Mi productividad se vio mermada por la batalla contra la ira que estoy librando, después de tener varias conversaciones (de las que salí literalmente corriendo), en donde gente sin quehacer (incluyendo dormir) a fuerzas querían mi opinión de lo que hizo Clarie Underwood en el capítulo seis. ¿¡Seis!? ¿En serio? Hoy me levanté muy temprano y mientras hacía ejercicio vi el primero. En otro ejercicio, mucho más rudo que el aeróbico que pretendía realizar me prometí, que si hoy cumplía con todos mis objetivos, en la noche vería el dos. Y así planeo mi semana, como una madre que premia con un postre al niño que comió sus verduras. ¿Por qué me quieren robar de eso?

Hace unos tres años, cuando este tipo de locura empezaba a sobreponerse ante los millones de fans que somos de algunas series, escribí “spoilers en tiempos de Netflix”, buscando en cierta manera hacer un manual en el cual todos podamos convivir sin matarnos, ya sea en la vida real o en las redes sociales, cuando series tipo House of Cards, Orange is the New Black, o incluso (por la diferencia de su formato de exhibición el “incluso”) Game of Thrones o Walking Dead.
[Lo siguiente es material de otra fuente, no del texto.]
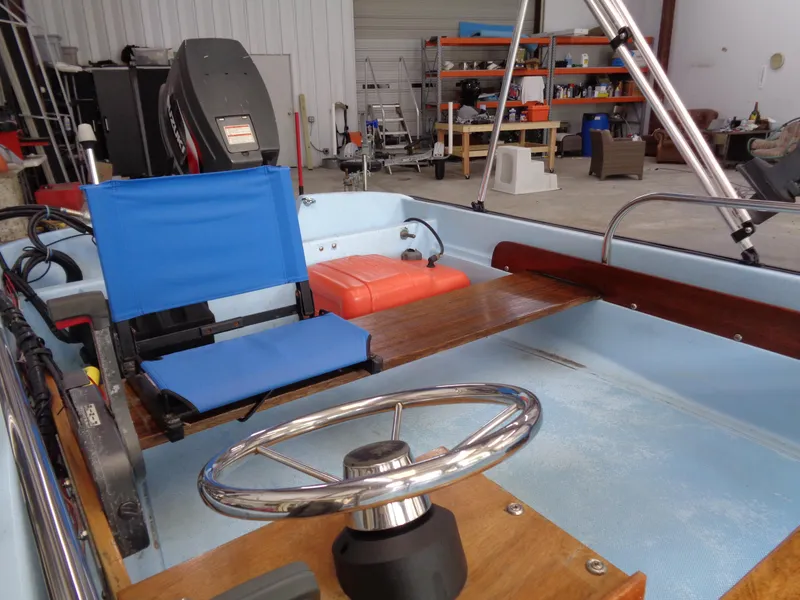Slide: The Image of 1964 Boston Whaler 13 Sport boat interior with blue seating and steering wheel in a garage. - 10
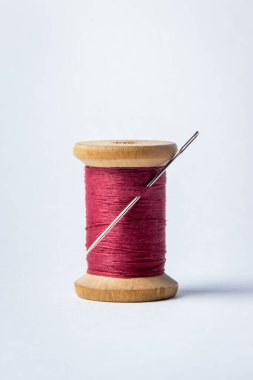 Beyaz arka planda iğne olan leylak rengi iplik makarası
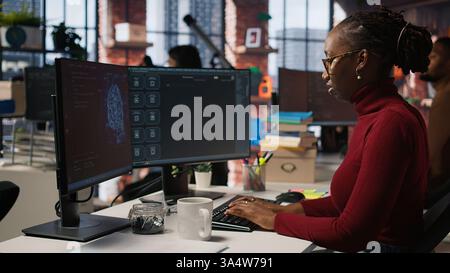 Silicon Valley Venture Programmierer löst Aufgaben mit KI LLM Chatbot unter Verwendung von Predictive-Technologie. afroamerikanischer IT-Startup-Mitarbeiter, der PC verwendet, um mit dem generativen Modell, Kamera A, zu interagieren Stockfoto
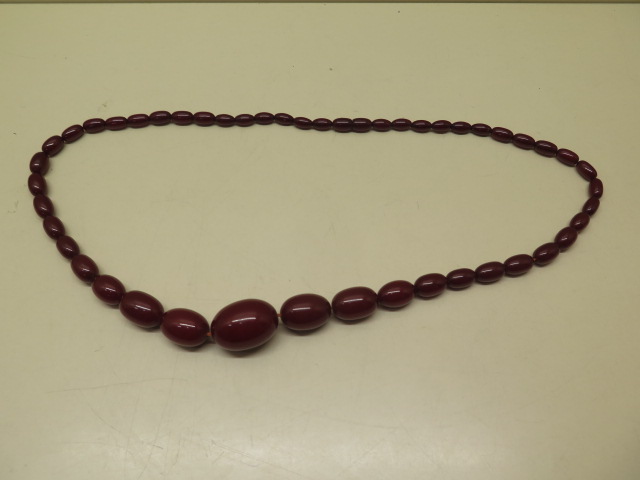 A large cherry amber type bead necklace, 72cm long, largest bead 3cm x 2.2cm, total weight approx 65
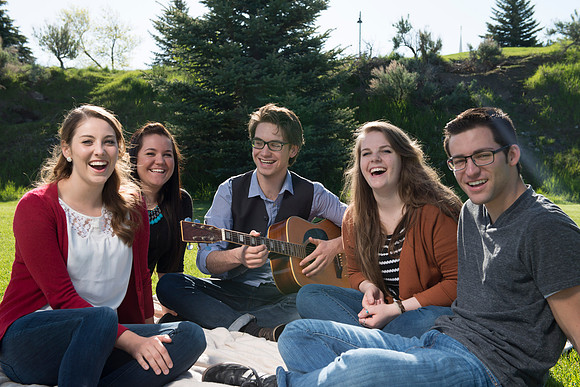 Student models interact and smile for marketing purposes that will be used for the new Campus Housing next to The Ivy.
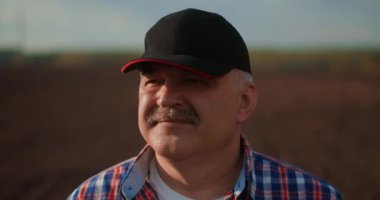 Ağır çekimde beyzbol şapkalı bir erkek çiftçi iş gününden sonra gün batımını seyrediyor..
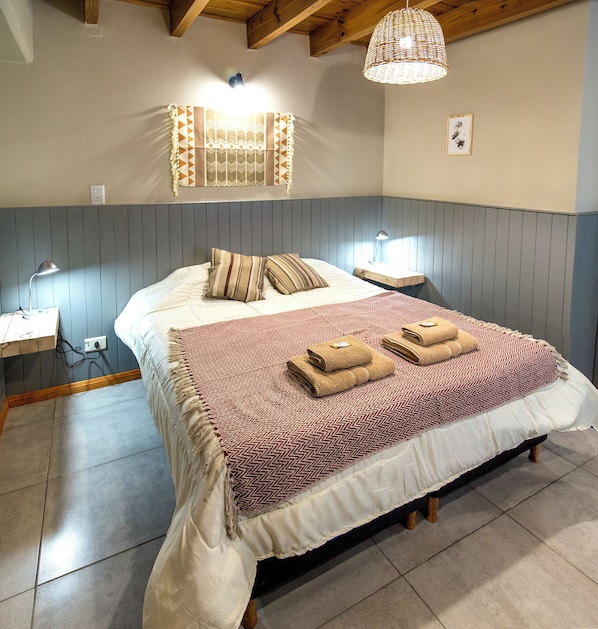 A bedroom with a bed, bedside lamps, a wall-mounted light fixture, and a framed picture.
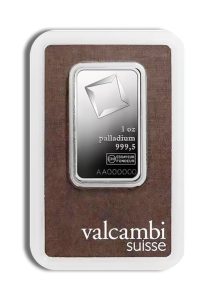 One-ounce palladium bullion bar from Valcambi Suisse, engraved '1 oz palladium 999,5' on a silver ingot mounted on a brown background with the Valcambi logo nearby.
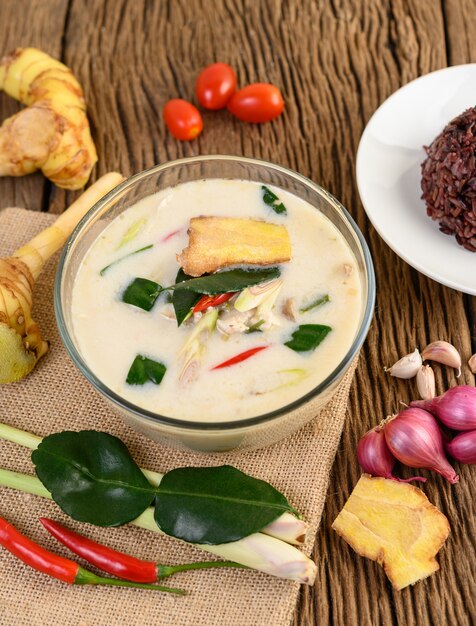 Tom Kha Kai dans un bol avec des feuilles de lime kaffir, de la citronnelle, de l'oignon rouge, du galanga et du piment.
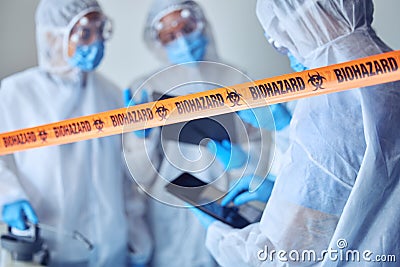 Closeup of biohazard tape blocking of prohibited area. Team of scientists cleaning prohibited area. Medical csi team Stock Photo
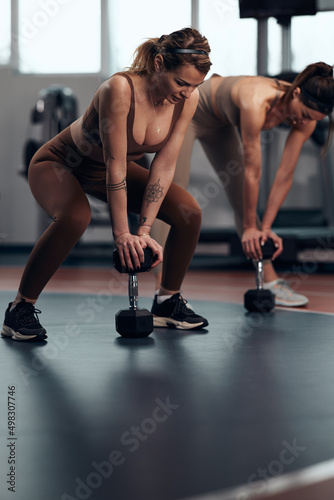 Fototapeta Naklejka Na Ścianę i Meble -  Pretty women working out in a gym. Adult ladies with beautiful shaped bodies.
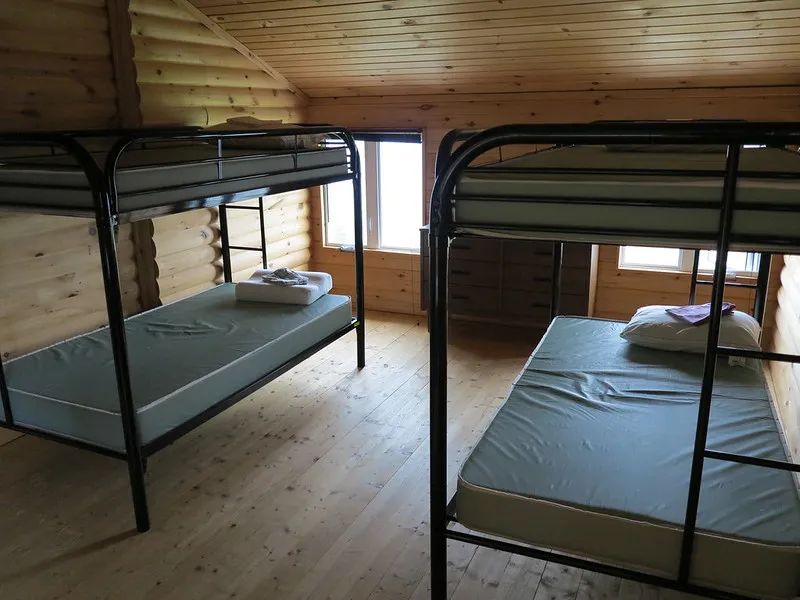 Une chambre avec deux lits superposés dans le chalet en bois rond.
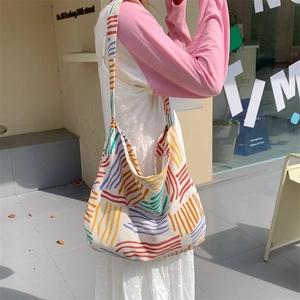 Detailed side view of large canvas tote bag with vibrant abstract colored stripes
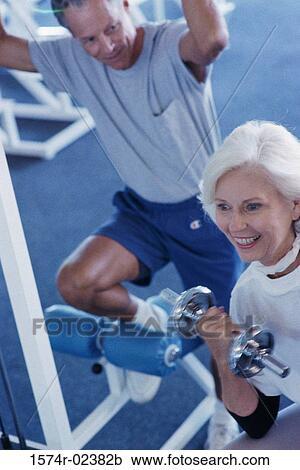 Senior couple exercising in a health club View Large Photo Image Stock Image - Senior couple exercising in a health club. Fotosearch
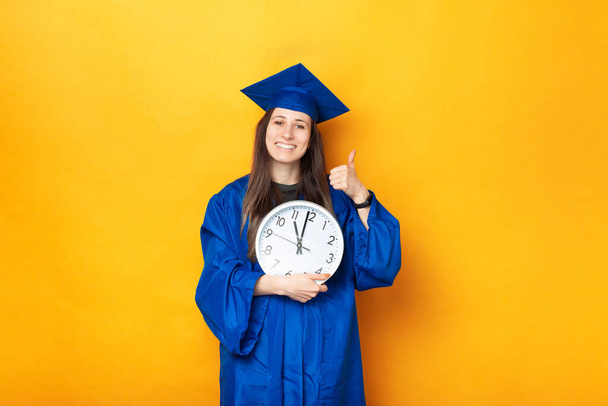 Una bonita foto de un estudiante alegre sosteniendo un gran reloj blanco vestido con un uniforme de graduación cerca de una pared amarilla . - Foto, imagen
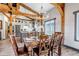 Dining room and kitchen with exposed wood beams and hardwood floors at 8191 S Homesteader Dr, Morrison, CO 80465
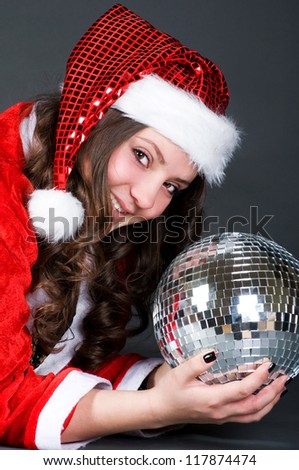 The cute girl with Christmas cap and mirror ball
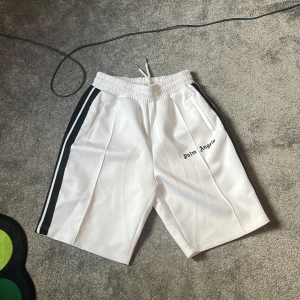 Vita boxing shortsPalm Angels med svarta ränder - Palm Angels vita shorts med svarta sidoränder och broderad logga på vänster ben. Elastisk midja med snörning för skön passform. Sportig look och raka ben, perfekta för en clean och trendig stil.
Mi conclusión fue la misma que cuando quieres tocarle la panza a una mujer embarazada. Mi primer instinto es ahórranos la incómoda situación. Pero si ya hay mucho confianza y mucho deseo de compartir, entonces hay que pedir permiso. Y saber aceptar un “no”. Ya sea amable, nervioso o incluso hostil.

En mi caso, favor de abstenerse al menos dos semanas. Estoy poniendo a prueba mi resistencia y no estoy segura de que pueda comer mis verduras todos lo días. No por eso merezco que me arruinen la experiencia por la que esperé un año entero.

¿Les parece bien que la reseñemos juntos en tres semanas? Si para entonces no la han visto, entonces ya queda claro que no les importa tanto. Y de todas maneras no siempre hay que avisar antes del golpe, o como dicen nuestros vecinos, nada vendrá sin un spoiler alert.

¿Ven cómo las telenovelas todavía tienen ventajas sobre Netflix? Cuando lo que vas a ver al aire se decide en el mercado en una plática entre el productor y la de los pollos (historia y confesión real) tres días antes del aire, ¿quién demonios te podría arruinar la sorpresa?